A German cybersecurity researcher has publicly claimed responsibility for a recent breach of the Malta Gaming Authority’s computer systems, warning that data obtained during the hack has already been shared with journalists and law enforcement and threatening further disclosures.
Lilith Wittmann, a Berlin-based software developer and security activist who is a member of the Chaos Computer Club – described as Europe’s largest hackers’ association – posted on X alongside a screenshot of the MGA’s own breach announcement.
“Yes, I hacked you, and the data obtained has been shared with media partners, authorities,” she wrote, adding that she intended to “expose the organised crime enablement schemes you created while presenting yourselves as a legitimate public service.”
The MGA confirmed earlier this week that its systems had been accessed by someone who “presented” as a security researcher, saying it was treating the incident with the “utmost seriousness.” It has not confirmed who was responsible, which systems were affected, or whether sensitive data was compromised.
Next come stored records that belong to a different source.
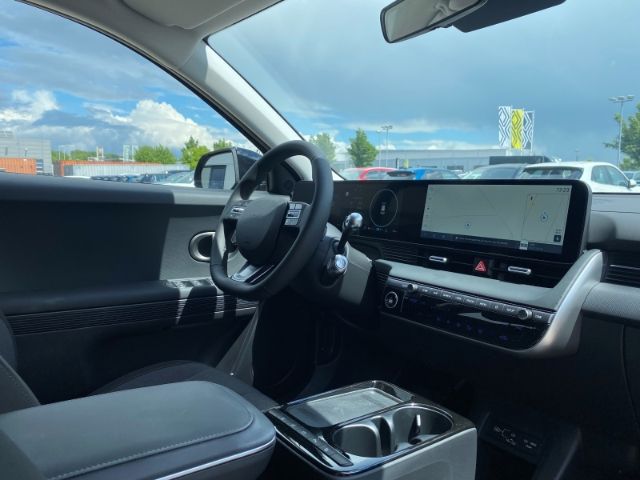Hyundai IONIQ 5 – Bild 9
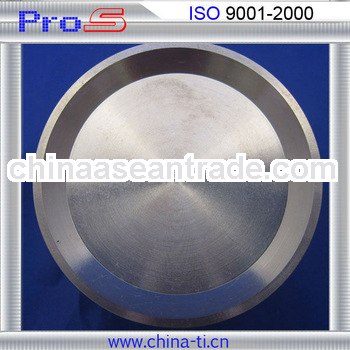 best price for vacuum coating titanium sputtering target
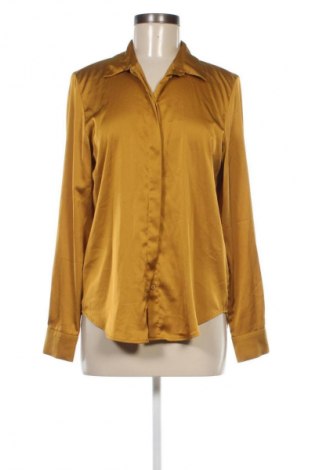 Damenbluse H&M, Größe S, Farbe Gelb, Preis 7,99 €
Wittmann expressed concern about potential extradition to Malta, where hacking a public service carries a maximum sentence of up to 10 years. “I am certain that the information obtained is so valuable for the public discourse that obtaining it will one day be seen as a justified necessity,” she said.
The claim lands in legally sensitive territory in Malta. In 2022, three University of Malta computer science students and their lecturer were arrested, strip-searched and criminally charged after responsibly disclosing security flaws in a student app, a case that sparked widespread outcry and eventually led to a Presidential Pardon in 2025 and the drafting of new laws to protect ethical hackers.
Wittmann herself has navigated similar controversies before. In 2021, she exposed serious vulnerabilities in the CDU’s campaign app in Germany. The party filed a criminal complaint, but withdrew it after a public backlash and the case was dropped.
More recently, she accessed personal data of over one million online casino players after exploiting weaknesses in software provided by Maltese company The Mill Adventure, a breach she described at the time as straightforward.
She made the same comparison about the MGA, saying the breach had been “as easy as hacking the CDU.”